The British Medical Association (BMA) is urging the Government to provide a single inspection body f...
The British Medical Association (BMA) is urging the Government to provide a single inspection body for both private and NHS healthcare. It said this would provide more consistent standards following increased involvement between the two sectors.
The BMA believes the NHS inspection body, Commission for Health Improvement, and the private inspection body, National Care Standards Commission, should be merged.
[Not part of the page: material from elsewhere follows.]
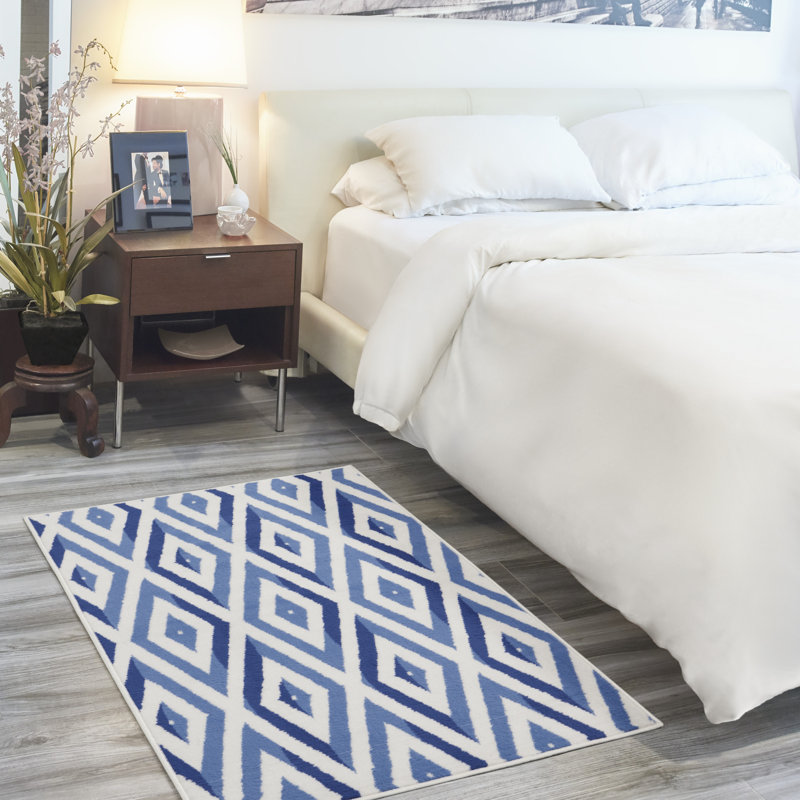 Caiden-Jay Geometric Indoor Rug, Rectangle 3' x 5'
Dr Ian Bogle, chairman of the BMA Council, has written to Health Secretary Alan Milburn airing the association's concerns. Bogle said that amending the NHS Reform and Health Care Professions Bill would achieve greater consistency for patients.
'The BMA has a long-standing concern that patients choosing private healthcare are inadequately protected. As growing numbers of NHS patients are receiving care in private facilities under the Concordat, the case for consistency between NHS and private care becomes overwhelming,' said Bogle.
The Independent Hospitals Association (IHA) has been campaigning for a single inspection body for years and welcomed the BMA's move. Peter Fermoy, communications manager at IHA, said: 'Increasingly the two sectors are merging and the number of NHS patients treated in private hospitals is on the increase due to the Concordat. A single inspector makes sense.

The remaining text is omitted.